Marco Sassano
ROMA
POLEMICO

e severo con il fanatismo moralizzatore, aspro e duro con chi non seppe nel suo partito portare avanti, a metà degli anni Settanta, la politica del dialogo tra i comunisti e gli avversari di sempre, i democristiani, il presidente Giorgio Napolitano, analizzando il passato, parla dell’oggi e polemizza indirettamente con il Movimento 5 Stelle e con la maggioranza del Pd contraria a una politica di larghe intese.
Lo ha fatto commemorando, a 20 anni dalla morte, la figura del dirigente comunista Gerardo Chiaromonte. Il Capo dello Stato, criticando un po’ tutte le forze politiche, ha voluto sottolineare la necessità di avere una «visione della politica come responsabilità cui non ci si può sottrarre, e di cui si deve rispondere in primo luogo a se stessi».
Particolarmente secco è il giudizio sui grillini, pronunciato senza mai nominarli: «Certe campagne che si vorrebbero moralizzatrici in realtà si rivelano, nel loro fanatismo, negatrici e distruttive della politica». E a una politica alta, il Capo dello Stato si è riferito nell’evocare la svolta comunista del 1976. Una svolta che lo impegnò in prima persona, ha ricordato Napolitano, «al fianco di Enrico Berlinguer nella scelta e nella gestione di una collaborazione di governo con la Democrazia Cristiana dopo decenni di netta opposizione». «E ci volle coraggio — ha sottolineato il Presidente — per quella scelta di inedita larga intesa e solidarietà, imposta da minacce e prove che per l’Italia si chiamavano inflazione, situazione finanziaria fuori controllo e terrorismo». Giorgio Napolitano ha anche rilevato che la fine di quella esperienza fu l’unico atto politico che lo divise dalla visione di Chiaromonte: «L’unico momento in cui non ci trovammo in piena sintonia fu quello della concitata chiusura, da parte del Pci, dell’esperienza della solidarietà nazionale.
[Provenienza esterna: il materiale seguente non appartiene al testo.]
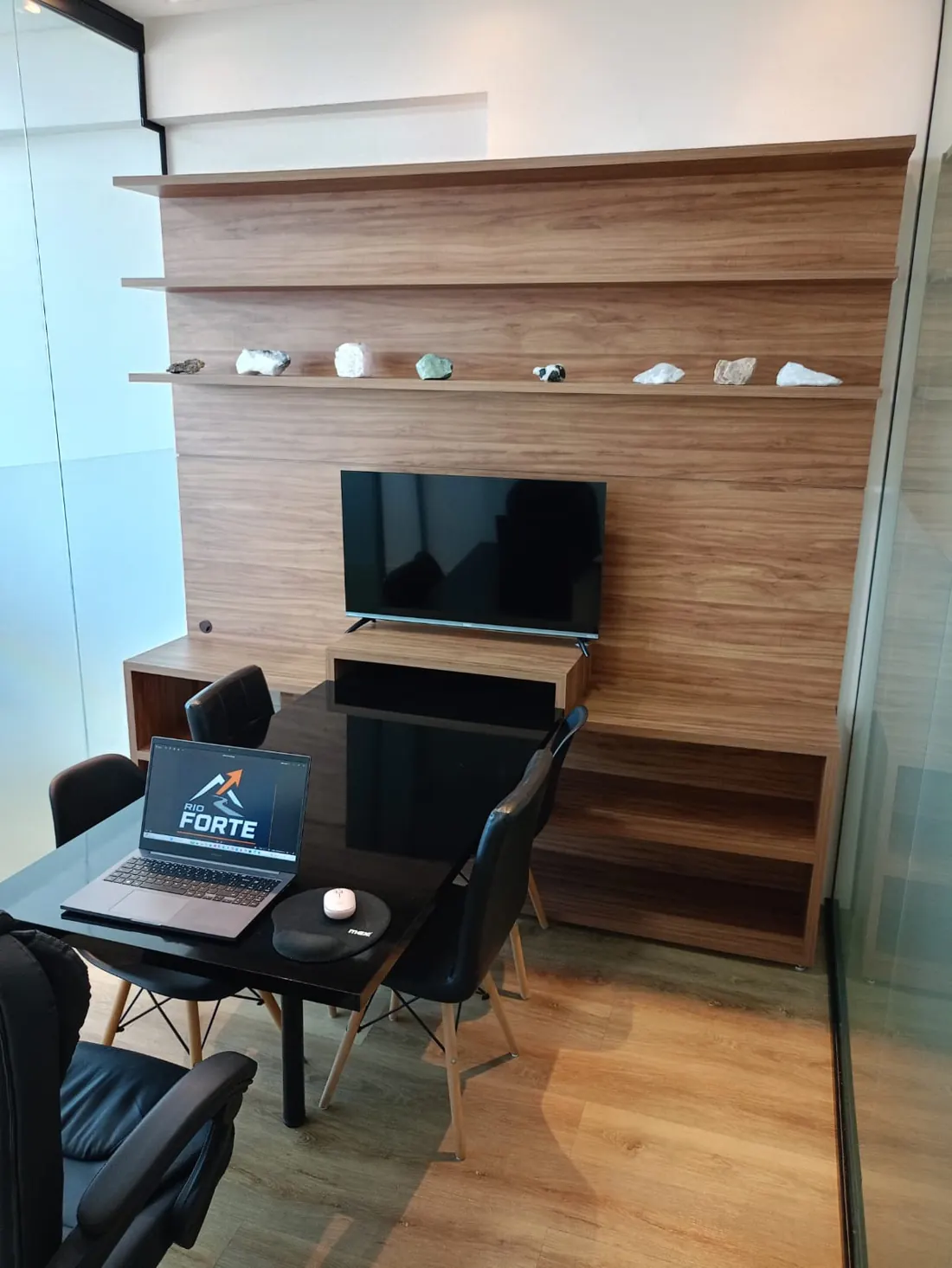 Sala de reunião com TV, mesa preta e notebook com o logotipo Rio Forte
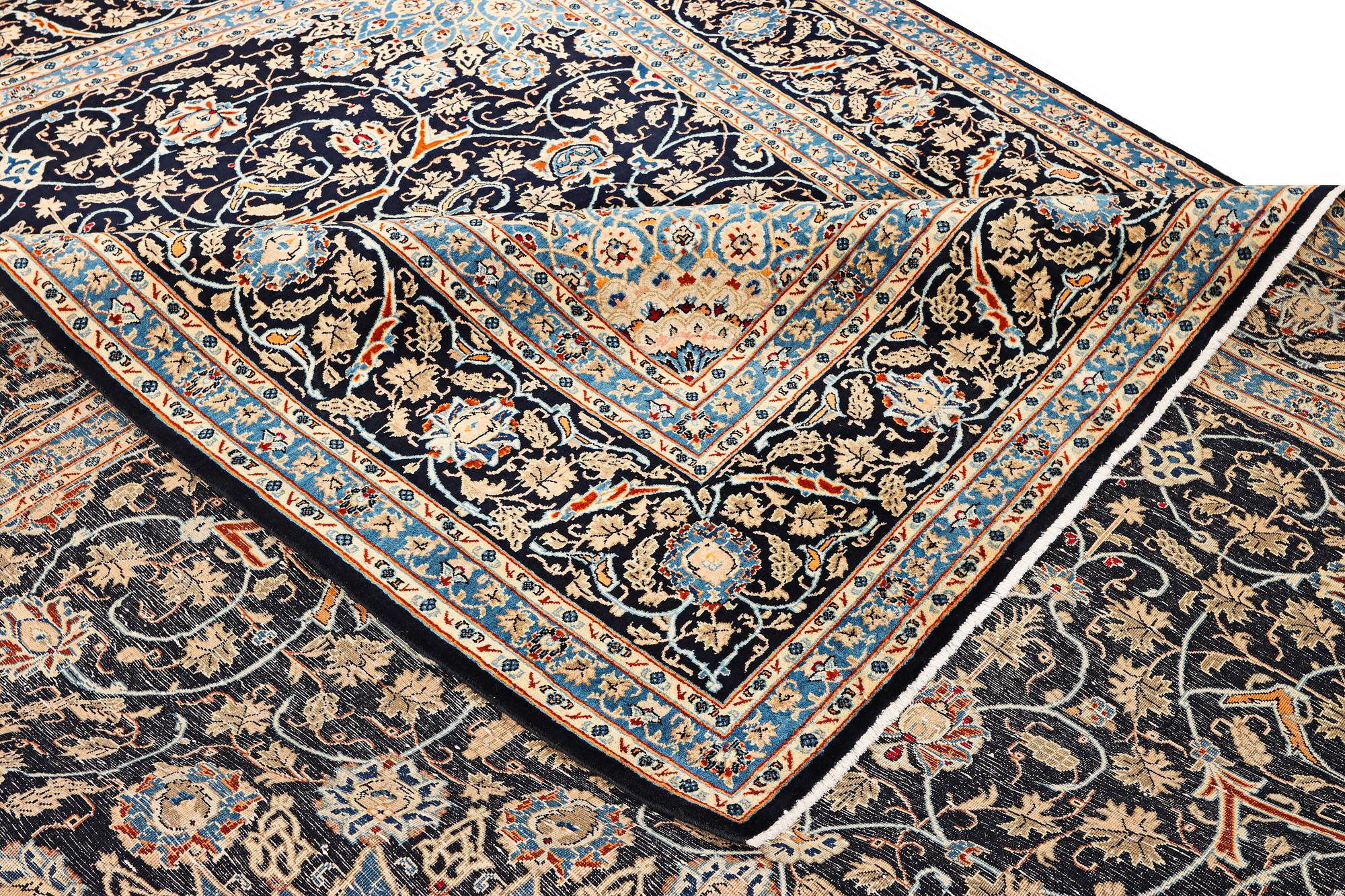 A Kashan carpet, c. 397 x 300 cm.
Decisione che fu foriera di un arroccamento fuorviante».
PRIMA


dell’intervento del Capo dello Stato, il presidente del Senato, Pietro Grasso, aveva citato una frase che, nel 1991, gli aveva detto Chiaromonte («per una politica che non si sa rinnovare non c’è futuro») sottolineando come questa osservazione sia «un insegnamento al quale, ancor oggi, in un quadro radicalmente diverso ma non meno complesso e delicato, dobbiamo fare riferimento».